Voici pour le discours public et les plateaux de télévision. En coulisses, toutefois, le RN a retenu les leçons de ces deux années passées à l’Assemblée, et ne s’est pas privé de se livrer à des jeux tacticiens tout au long de la dernière semaine, échangeant avec des représentants de la droite et du camp présidentiel. Sans succès. L’idée d’un recours devant le Conseil constitutionnel a été brièvement envisagée, puis finalement abandonnée. Trop complexe.

Marine Le Pen et son groupe misent plutôt sur un autre scénario : celui d’une dissolution dans un an.

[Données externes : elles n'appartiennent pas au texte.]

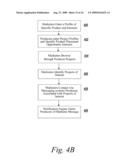 Systems and Methods for Automated Identification and Evaluation of Brand Integration Opportunities in Scripted Entertainment diagram and image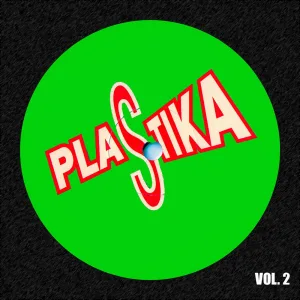 Big Bang (extended mix)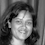 Jayeeta Basu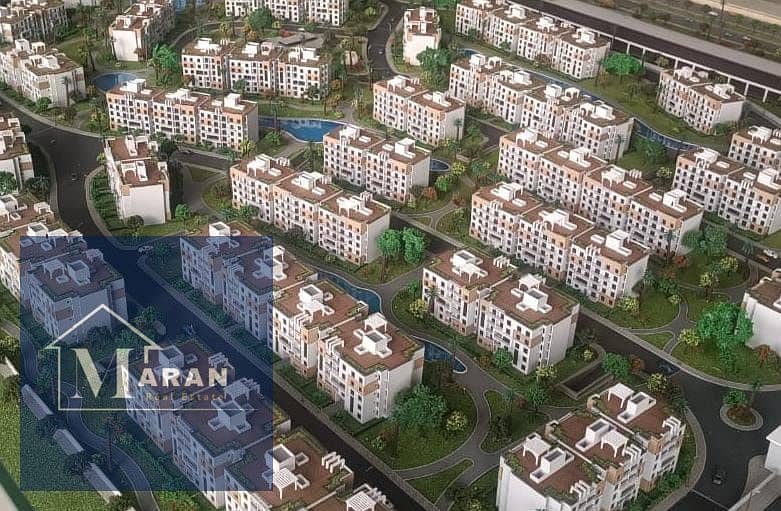 3 صورة واتساب بتاريخ 2025-11-27 في 15.22. 24_d927d548. jpg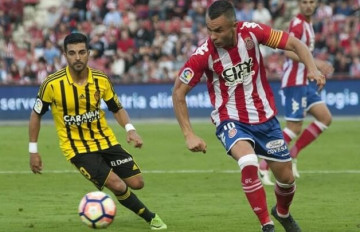 Nhận định, soi kèo Girona vs Zaragoza, 2h00 ngày 26/10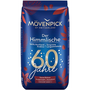 MÖVENPICK of SWITZERLAND Der Himmlische, szemes, 500g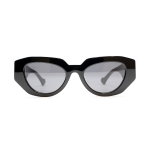 gucci-ochelari-de-soare-femei-negru-ovali-51-gg0957s-002-1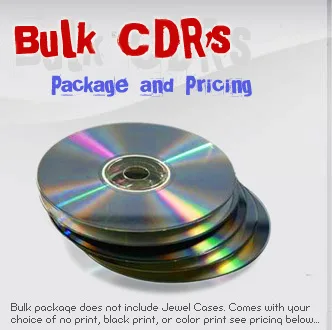 title_bulk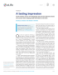 Image document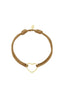 Bracelet Kara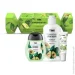   Tink     Superfood Set Vegan Candy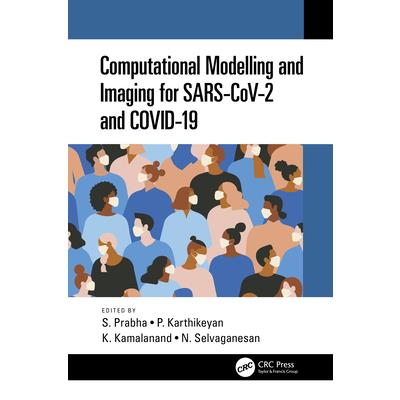 Computational Modelling and Imaging for Sars-Cov-2 and Covid-19
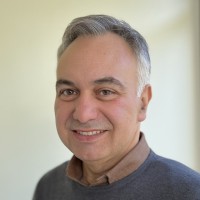 SQM Employee Sandy Nuyts's profile photo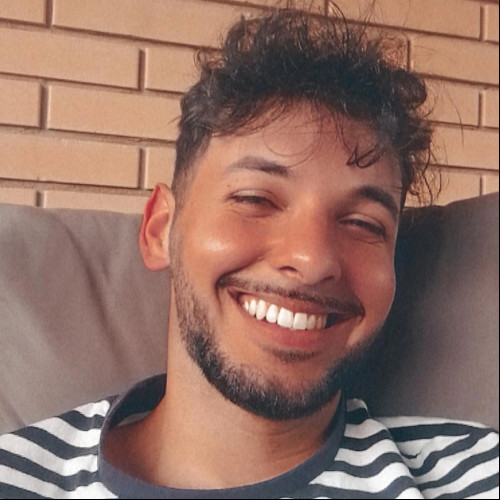 Jorge B. profile photo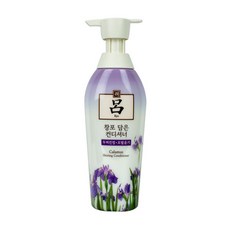 차홍컨디셔너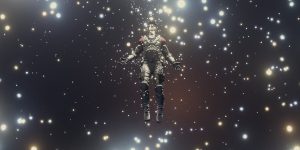 Review – Starfield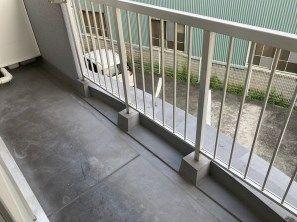 ハッピーコート青山 部屋画像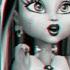 Monster High Playlist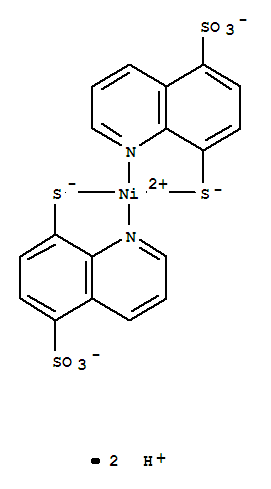 16038-73-6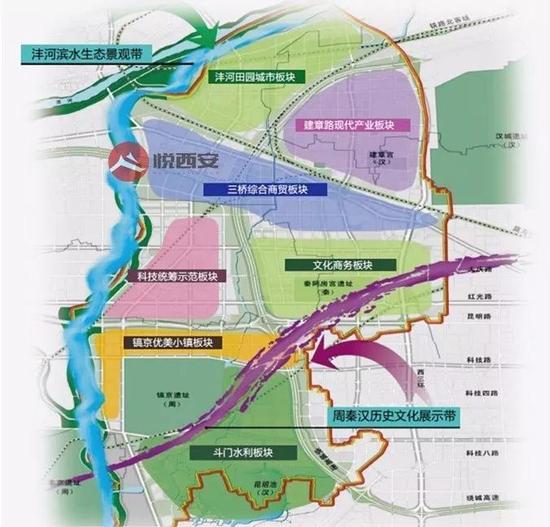 昆明市人口2020年_2020年昆明市统测试卷(2)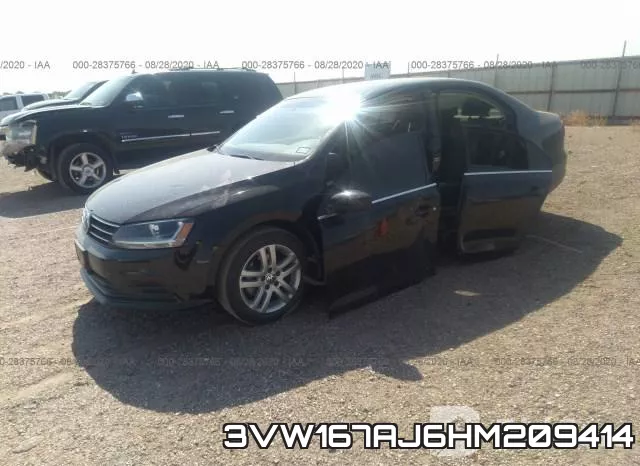 3VW167AJ6HM209414_2.webp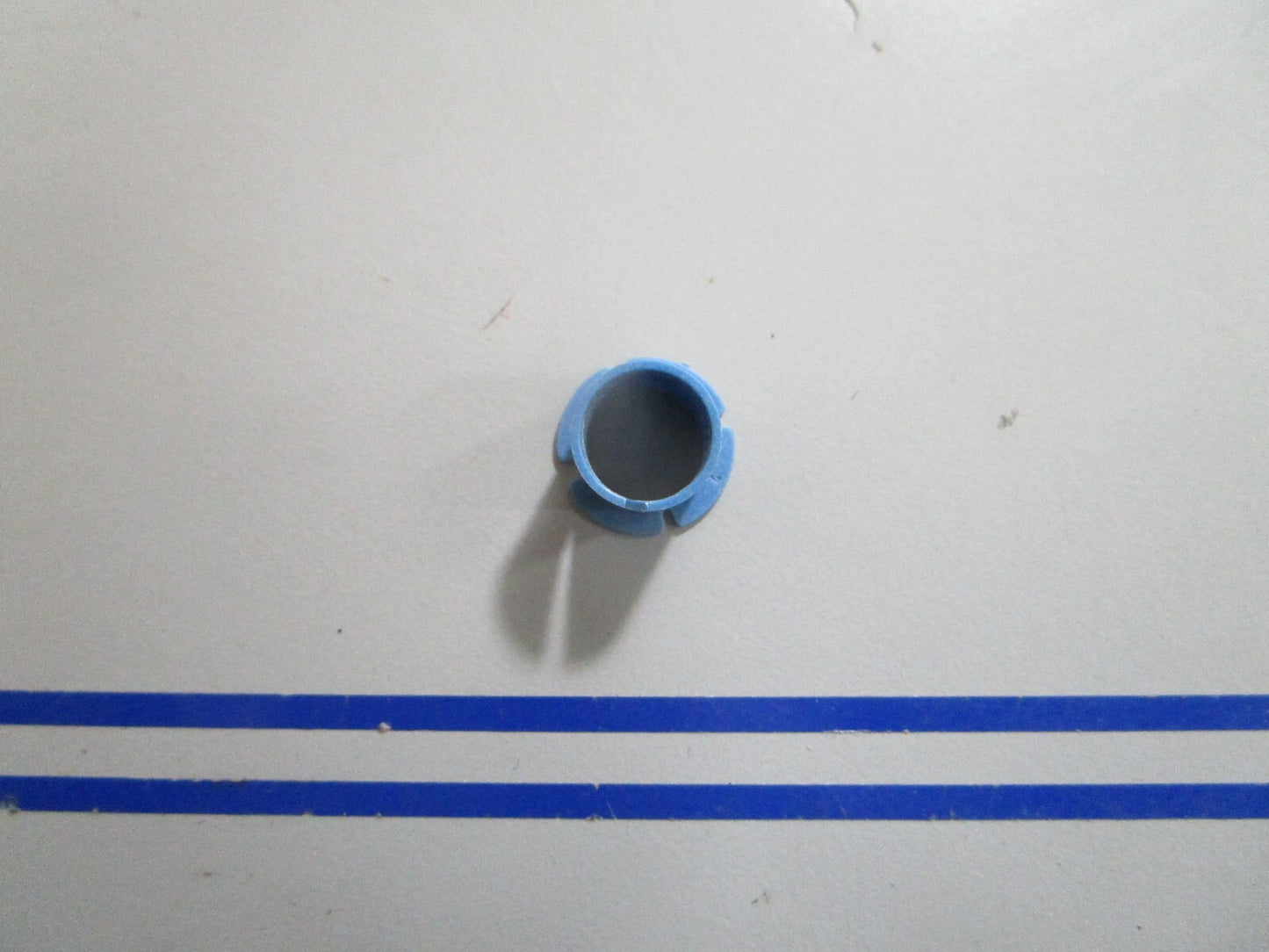 *NEW OEM* 0810 OMC Johnson Evinrude Bushing 340371 0340371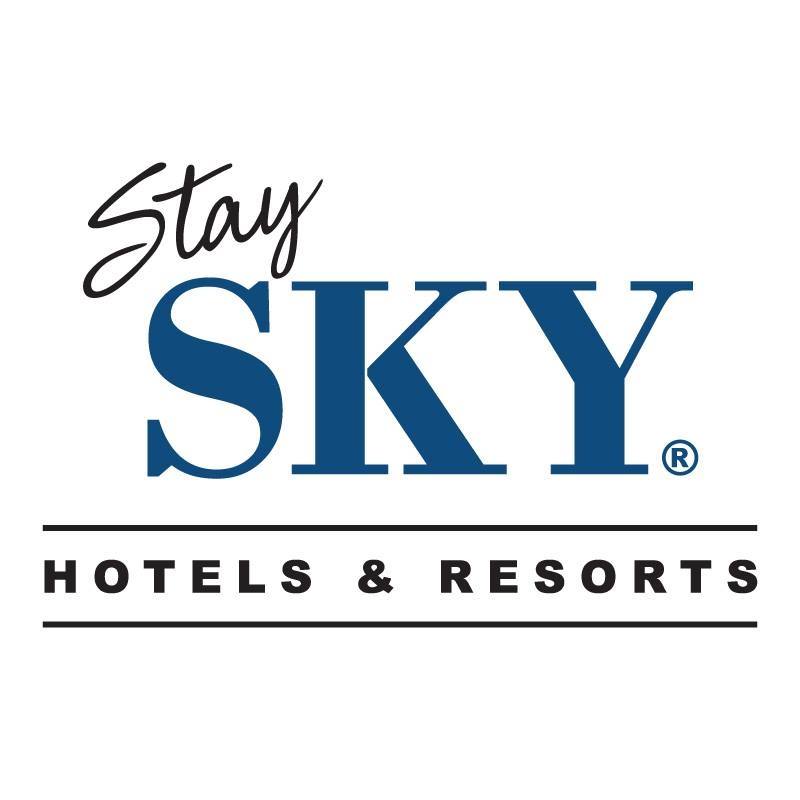 Image result for staySky Hotels and Resorts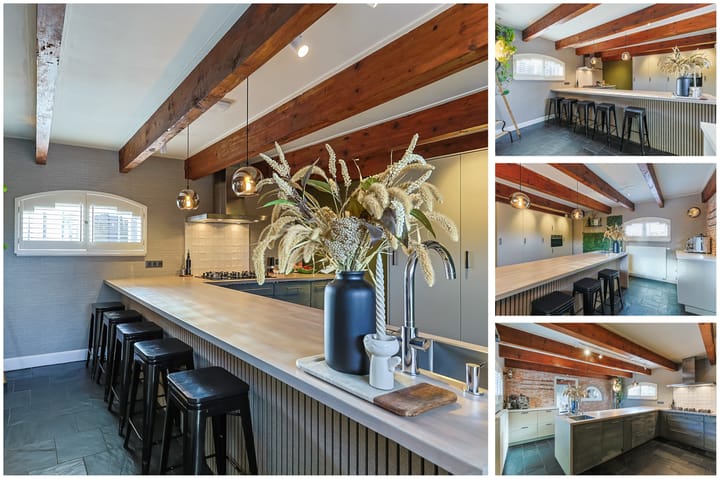 Photo 34 of Molenstraat 2-B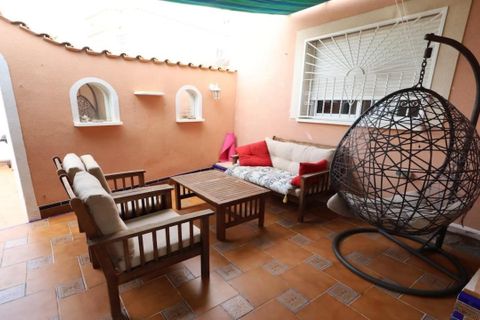 Byhus i Ciudad Quesada, Alicante, Ciudad Quesada - € 340.000 | Ref: WIH3014 - foto 12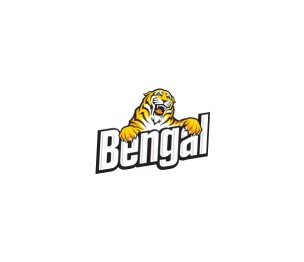 82384 Bengal 48 Unit Misc Shipper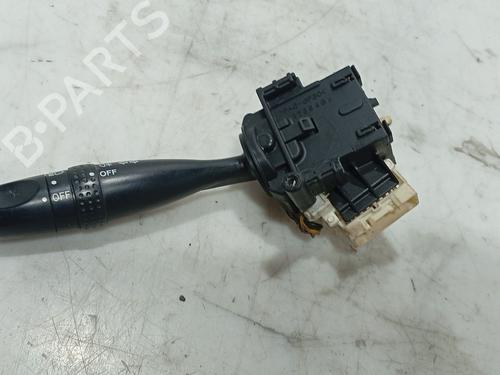 Headlight switch TOYOTA COROLLA (_E12_) 2.0 D-4D (CDE120R, CDE120L_) | BP36406875I24 - Image 5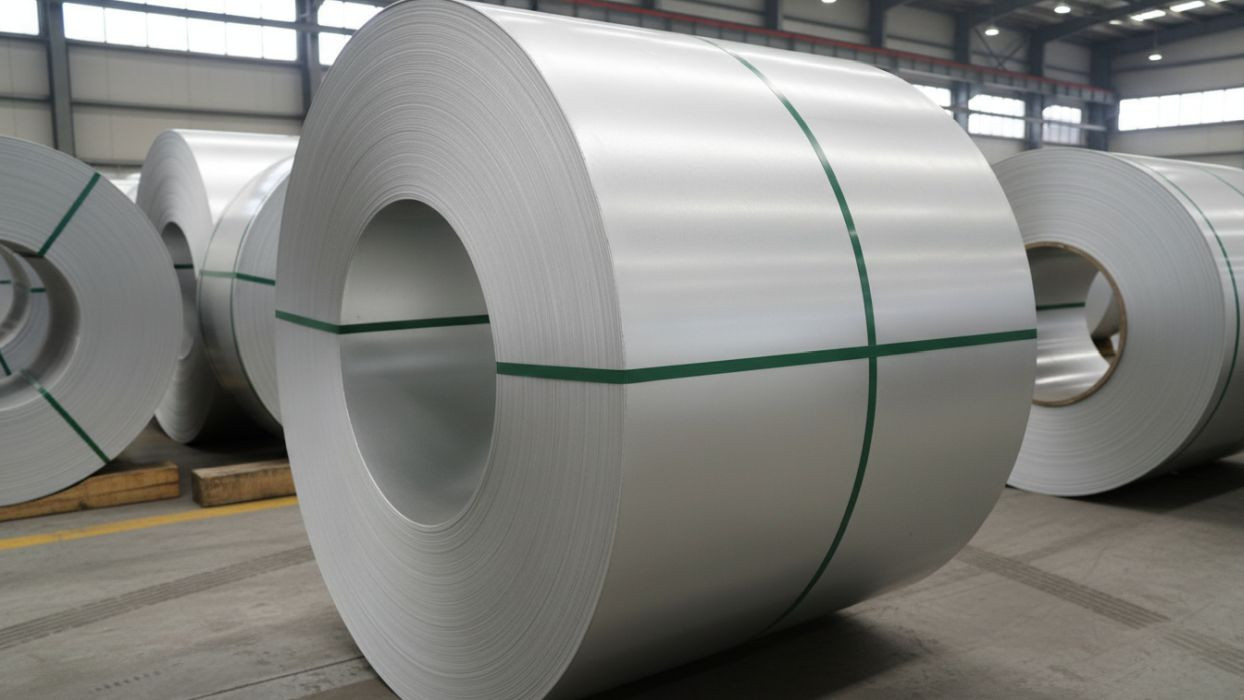 Isı ve Korozyon Direnci Grafiği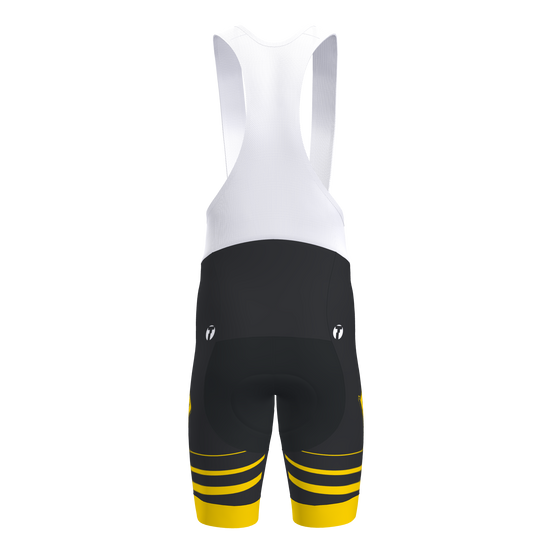 Elite Bib Shorts Men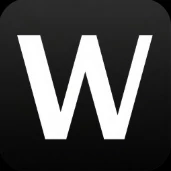 AskWeather logo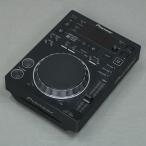 ( б/у ) PIONEER DJ / CDJ-350 (JUNK)( перевод есть ) (. чай no вода головной офис )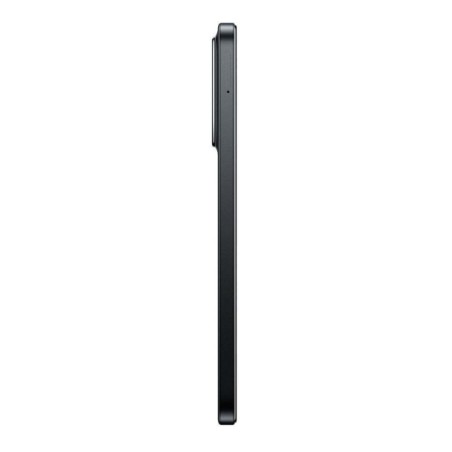 Xiaomi Poco C85 NFC Dual SIM (8/256GB) Μαύρο
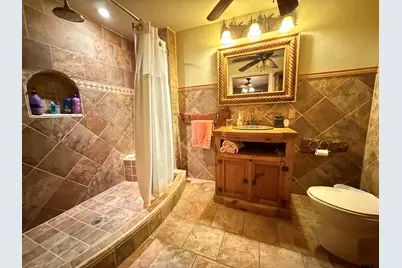 508 Whippoorwill, Henderson, TX 75652 - Photo 17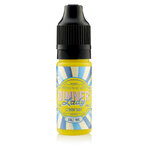 dinner-lady-lemon-tart-10ml-salt-nic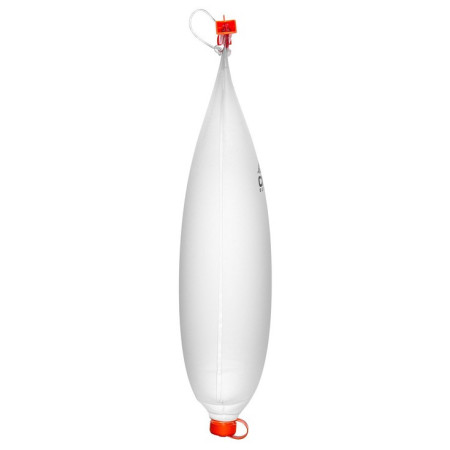 Sticlă pliantă CNOC Vecto 3l Water Container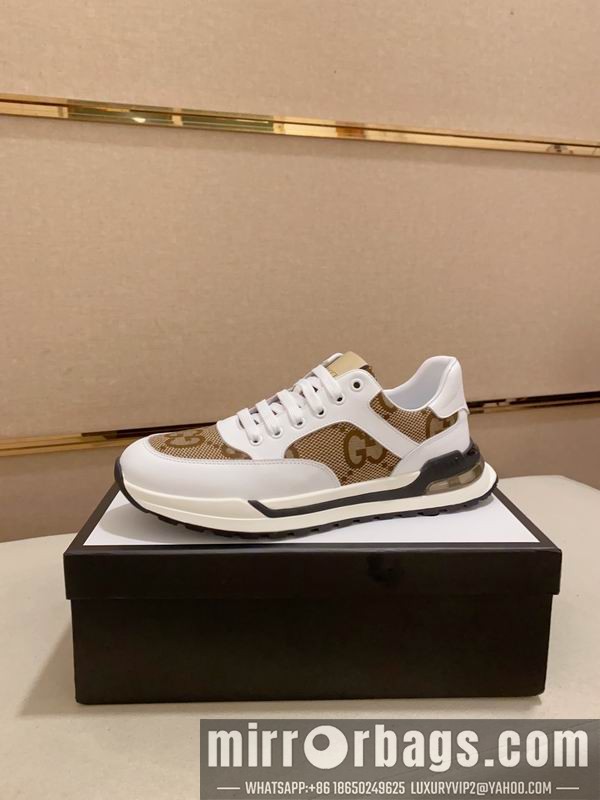 Gucci Replica Shoes sz38-44 hnm0116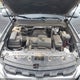 1GCHSCEAXM1211397 2021 Chevrolet Colorado 2Wd Long Box Lt auction photo thumbnail 10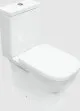 Икона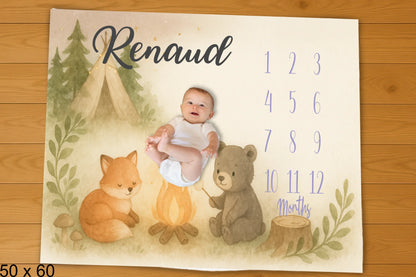 Milestone_mockup_teeInBlue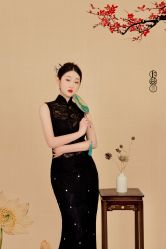 -卡兹影像STUDIO(百联购物中心店)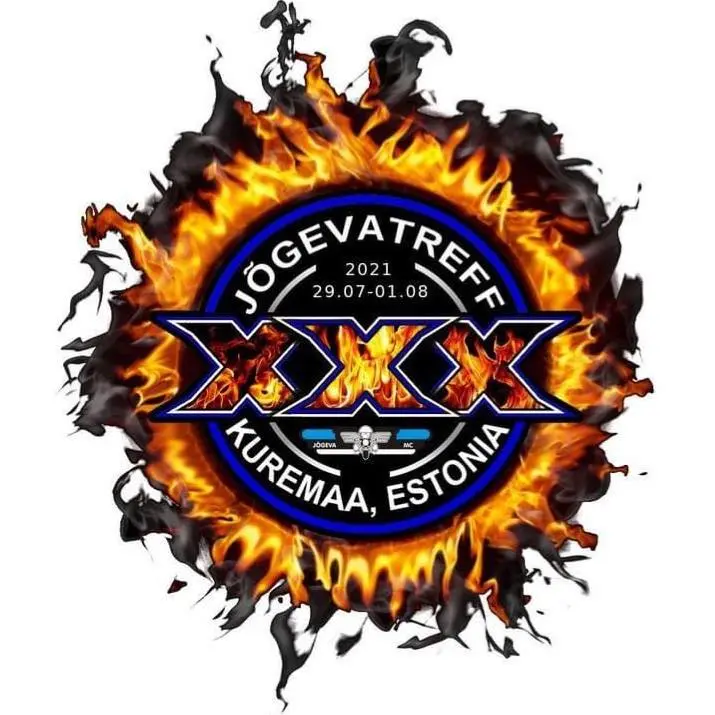 211306888_5816505541724282_4158884321644060677_n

Plutôt que de livrer bataille dans l’hémicycle, ils préfèrent donc tirer des plans sur la comète et se projeter sur le long terme, en envisageant aussi l’option de la démission d’Emmanuel Macron, que Marine Le Pen estime probable. Pour l’heure, à l’Assemblée, le RN et ses alliés de droite, qui avaient rêvé de la majorité, se contenteront d’un rôle d’opposition, et prévoient de ne pas en faire trop, contraints par une marge de manoeuvre restreinte. Comme seul recours, un élu envisage, laconique : “Il nous reste une chose : la politique.”